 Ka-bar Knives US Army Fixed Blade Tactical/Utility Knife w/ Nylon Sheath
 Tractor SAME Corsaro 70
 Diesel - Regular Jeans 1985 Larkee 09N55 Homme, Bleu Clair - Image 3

=-=-=-=-=

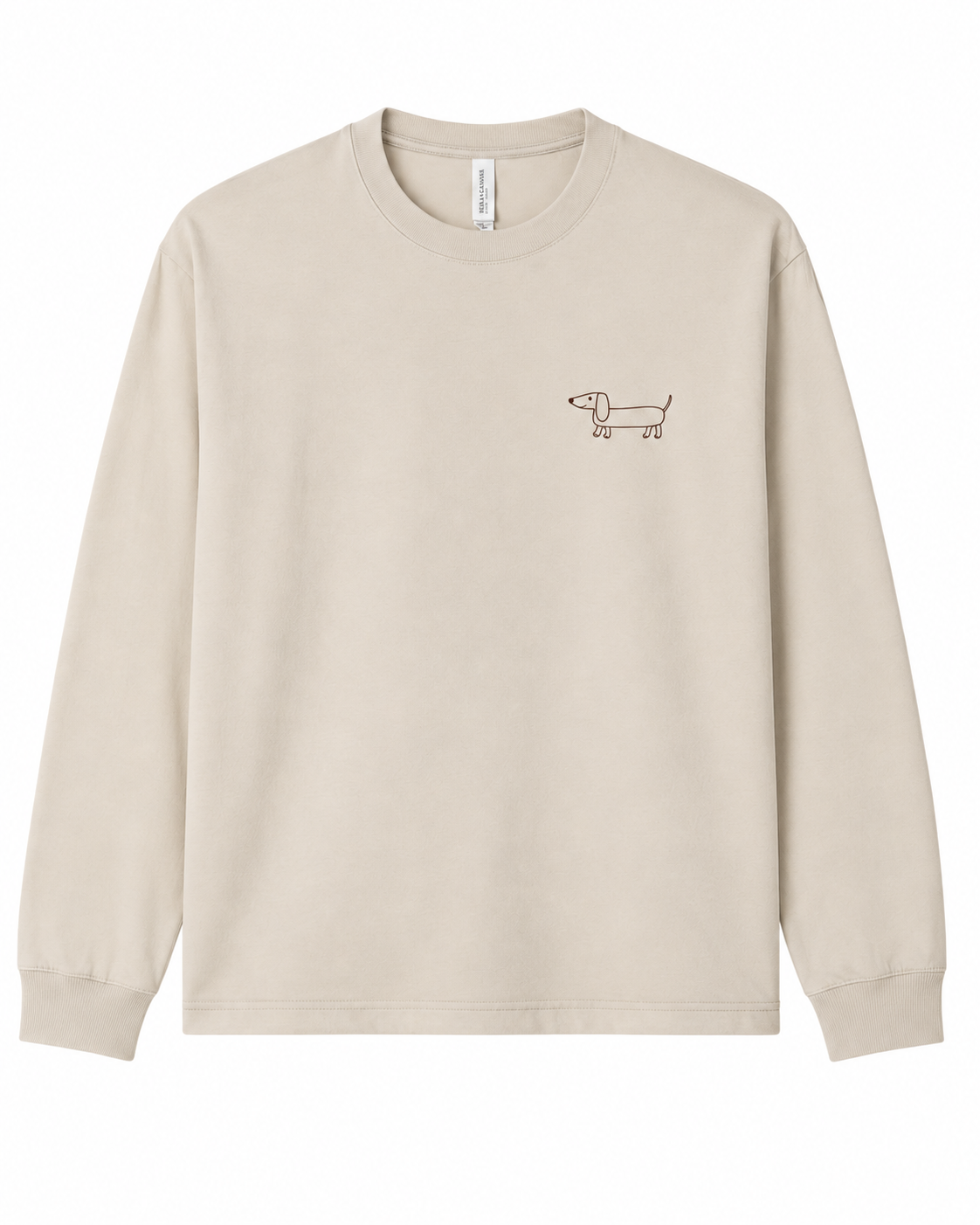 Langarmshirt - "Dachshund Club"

=-=-=-=-=

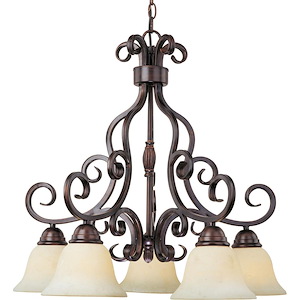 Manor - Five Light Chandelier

=-=-=-=-=

What you will do ->
The response should be the listing above, limited to the lines between the one holding "Ka-bar Knives US" and the one holding "Diesel - Regular", inclusive, reproduced exactly.

Answer for this exercise ->
 Ka-bar Knives US Army Fixed Blade Tactical/Utility Knife w/ Nylon Sheath
 Tractor SAME Corsaro 70
 Diesel - Regular Jeans 1985 Larkee 09N55 Homme, Bleu Clair - Image 3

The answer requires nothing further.